As M&S announced that second-quarter fashion sales fell by 3.4% today (November 5) after warm weather in September stunted sales of autumn stock, Drapers looks at what City analysts make of the results.
Retail analyst Nick Bubb said: “Profit before tax has come in ahead of expectations at £268m, thanks to notably strong gross margins in general merchandise and some more cost cutting. And so, given a small increase in the interim dividend and talk of increased free cash flow generation the shares are likely to bounce well first thing.”
Neil Saunders, managing director of Conlumino, said: “On the face of it, the latest M&S numbers look rather lacklustre; however, beneath the surface some faint glimmers of hope are beginning to shine through as the company’s strategy starts to deliver. Given that womenswear is one of M&S’s most problematic categories, this swing into positive territory [for the first five months of the financial year] is a sign that the years of decline may well have bottomed out and that M&S’s strategy of becoming more fashion focused is starting to pay dividends. That said, this is a gentle uplift and indicates that while many women are ‘looking again’ at M&S it still has some way to go to become a destination for many of those who previously deserted it.”

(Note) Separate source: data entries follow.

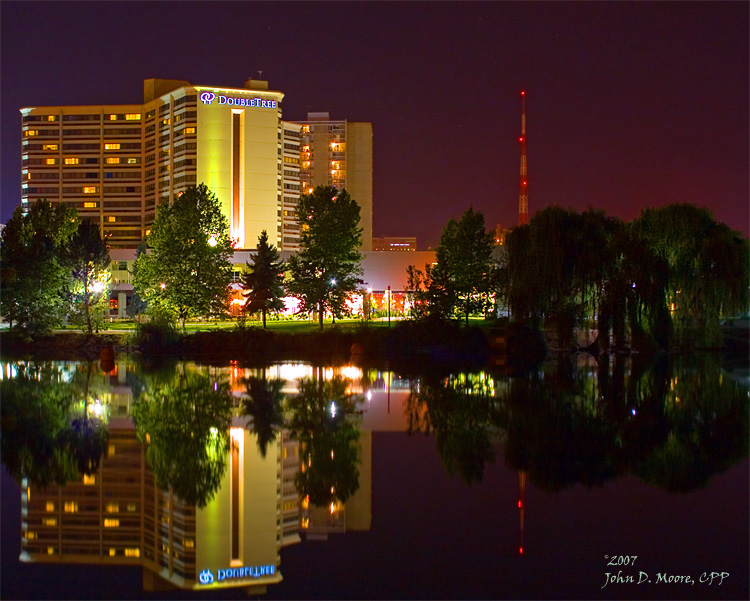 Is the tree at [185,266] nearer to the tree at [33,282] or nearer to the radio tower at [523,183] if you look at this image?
the tree at [33,282]

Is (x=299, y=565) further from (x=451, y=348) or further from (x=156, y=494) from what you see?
(x=451, y=348)

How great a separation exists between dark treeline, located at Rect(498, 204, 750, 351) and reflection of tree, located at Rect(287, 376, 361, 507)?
55.0 ft

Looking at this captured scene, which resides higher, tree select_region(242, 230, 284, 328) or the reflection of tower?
tree select_region(242, 230, 284, 328)

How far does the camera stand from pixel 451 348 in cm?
4131

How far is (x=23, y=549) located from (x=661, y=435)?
1167 centimetres

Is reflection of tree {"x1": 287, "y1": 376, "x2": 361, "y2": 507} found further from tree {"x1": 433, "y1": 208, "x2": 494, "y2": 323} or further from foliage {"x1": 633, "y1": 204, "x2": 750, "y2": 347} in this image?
tree {"x1": 433, "y1": 208, "x2": 494, "y2": 323}

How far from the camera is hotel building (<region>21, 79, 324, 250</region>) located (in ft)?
431

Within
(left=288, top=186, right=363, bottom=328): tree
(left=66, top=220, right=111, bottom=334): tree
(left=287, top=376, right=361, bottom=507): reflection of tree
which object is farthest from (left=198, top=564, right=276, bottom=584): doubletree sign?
(left=288, top=186, right=363, bottom=328): tree

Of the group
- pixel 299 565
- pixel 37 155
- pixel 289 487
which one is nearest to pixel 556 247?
pixel 289 487

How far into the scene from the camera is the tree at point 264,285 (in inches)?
2245

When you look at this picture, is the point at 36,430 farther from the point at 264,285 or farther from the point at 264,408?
the point at 264,285

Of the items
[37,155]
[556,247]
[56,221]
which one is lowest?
[556,247]

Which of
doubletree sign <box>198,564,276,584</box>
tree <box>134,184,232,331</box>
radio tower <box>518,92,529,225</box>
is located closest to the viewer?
→ doubletree sign <box>198,564,276,584</box>

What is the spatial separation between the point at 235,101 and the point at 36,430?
121 meters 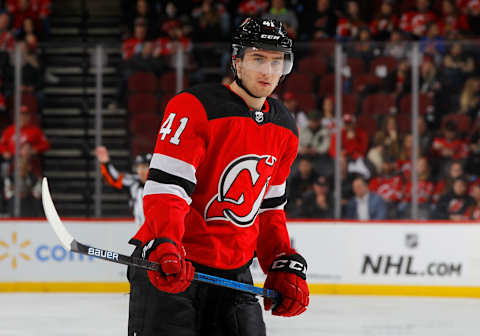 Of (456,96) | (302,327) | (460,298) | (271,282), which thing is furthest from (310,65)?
(271,282)

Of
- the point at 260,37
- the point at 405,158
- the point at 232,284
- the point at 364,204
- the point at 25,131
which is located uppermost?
the point at 260,37

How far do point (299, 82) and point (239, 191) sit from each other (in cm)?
540

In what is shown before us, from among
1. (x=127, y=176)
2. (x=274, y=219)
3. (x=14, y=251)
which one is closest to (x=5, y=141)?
(x=14, y=251)

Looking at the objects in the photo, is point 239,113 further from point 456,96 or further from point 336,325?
point 456,96

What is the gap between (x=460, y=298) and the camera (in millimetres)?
7246

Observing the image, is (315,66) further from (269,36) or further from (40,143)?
(269,36)

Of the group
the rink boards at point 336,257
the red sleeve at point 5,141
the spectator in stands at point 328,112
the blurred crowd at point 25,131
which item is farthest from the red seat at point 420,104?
the red sleeve at point 5,141

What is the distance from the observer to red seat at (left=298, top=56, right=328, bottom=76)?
7.45 meters

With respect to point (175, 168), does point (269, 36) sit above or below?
above

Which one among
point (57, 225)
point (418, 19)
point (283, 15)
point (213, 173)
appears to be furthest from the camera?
point (418, 19)

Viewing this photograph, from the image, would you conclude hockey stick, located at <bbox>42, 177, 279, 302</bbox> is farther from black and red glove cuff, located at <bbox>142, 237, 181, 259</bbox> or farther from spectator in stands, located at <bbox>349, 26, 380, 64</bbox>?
spectator in stands, located at <bbox>349, 26, 380, 64</bbox>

Clive Black from Shore Capital said: “Marks & Spencer has issued interim results that are, frankly, robust given prevailing trading conditions. Indeed, in UK clothing and food it can be argued that the group is enjoying the benefit of a few tailwinds. Management is trying to pull its levers and press its buttons to best effect; so cost control, without a main board chief financial officer, is tight and capital expenditure in the first half has been contained.”